良くなりたいから打ちに行く 裏目に出る脳の習性

人生がうまくいっている人には「向上心」があると言われます。

より良くなりたいという心は、人が誰でも持つ脳の働きです。

営業マンが大きな仕事を取ってきて上司に褒められると、それが活力となり「よし、次も頑張るぞ」となります。スポーツ選手が試合で勝つと「次も勝つぞ」と思い、それで実際勝ったりします。これをスポーツの世界では「勝ち癖」なんて言いますね。

脳は、自分がうまくやった体験をもう一度繰り返したいと考えるそうです。ひとに褒められたり、評価されたりすると、それをもう一度体験したいと思います。そして自分自身に命令を出します。「次も営業で成功しろ」
「次の試合も勝て」
脳の深いところから来る命令には、ひとに困難を乗り越えさせる力があります。そして、うまくいくのです。

これが良い場合のパターンですが、この脳の働きが悪く出た場合は大変です。もっと褒められたい、評価されたいと思う気持ちは良い方に向かうとは限らないのです。

たまたまパチンコやパチスロに出会ったひとが、「なんだ、全然出ないや。つまんないの」となった場合、あるいはビギナーズラックで簡単に当たって「こんなあっさり当たるの?ふーん」みたいに無感動に終わった場合は、そのひとが依存症になる確率は低いと思います。

でも、自分(黒森)のように、初めてセブン機(死語w)を打った時の大当たりがなかなか来なくて、ハラハラしたあげくに当たった場合は「やったー!」となって、成功体験としてそれが脳に刻みつけられ、「よーし、もう一度やってみよう!」となるわけです。

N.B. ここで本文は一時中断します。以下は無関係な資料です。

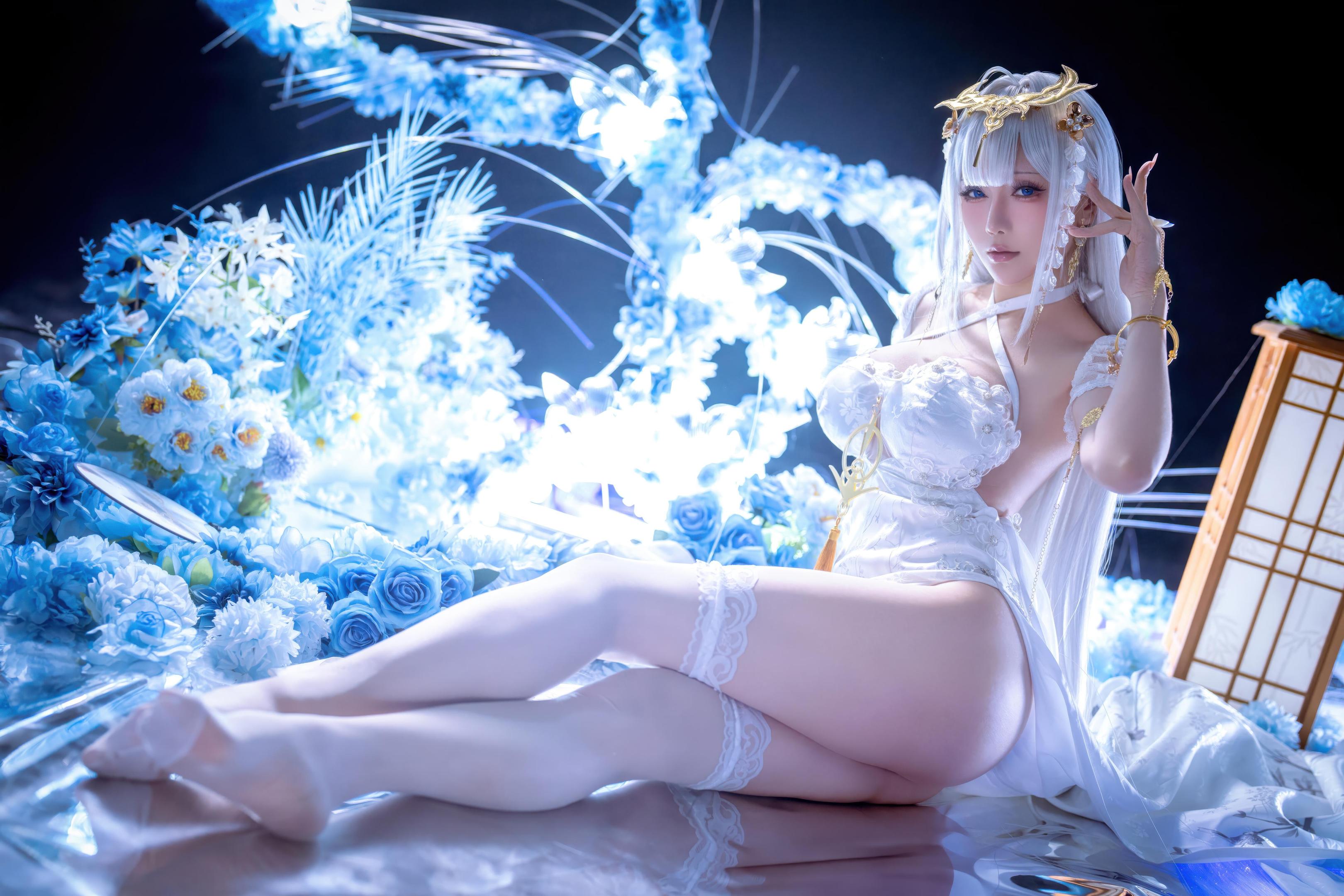 '[cosplay] 星之迟迟Hoshilily - 碧蓝航线 埃姆登: Đầm Trắng Tóc Trắng, Ngực Khủng, Chân Dài Gợi Cảm 50P'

いまの機種はパチンコもスロットも大当たりになると、そんなに出玉は多くないにもかかわらず、演出はすっごい派手で、この「やった感」をどんどん煽ります。いろんな仕掛けが動き、音が鳴り響き、フラッシュが輝き、

このように大げさに当てた本人を褒めてくれます(笑)。

これが無意識なうちに「褒められた」「評価された」体験となり、脳はそれを追体験するように命令してきます。これが依存症の深みにハマってしまう仕組みです。

一方、家に帰ってからは、家族に「また行ったの?」「馬鹿じゃない?」とさげすんだ目で見られると、無意識はひとをこう仕向けます。「家にいて軽蔑されるよりは打ちに行ったほうがマシだよね?だって、当たったら褒めてくれるんだよ」こうして、依存はもっと深くなります。

家族や知り合いに依存症のひとがいる場合は、言いたいことは山ほどあるでしょうけれど、それはとりあえず我慢してください。

本人が依存症と戦おうとしている場合は、たった1日行かなかっただけでも「すごいねえ」「やれば出来るじゃん」と褒めてあげてください。馬鹿馬鹿しいでしょうけど、それが「評価された体験」となると、彼(あるいは彼女)はしだいに打ちに行くことが少なくなると思います。

「どうせまた行くんでしょ!」と罵倒すれば、本当にまた行ってしまいます。パチンコやスロットは褒めてくれる、人間は褒めてくれない、となれば、褒めてくれる機械のほうに脳は行くように命令をするんです。

何年も機械の煽りに乗せられて打ちに行っていた男(黒森)の経験的結論です。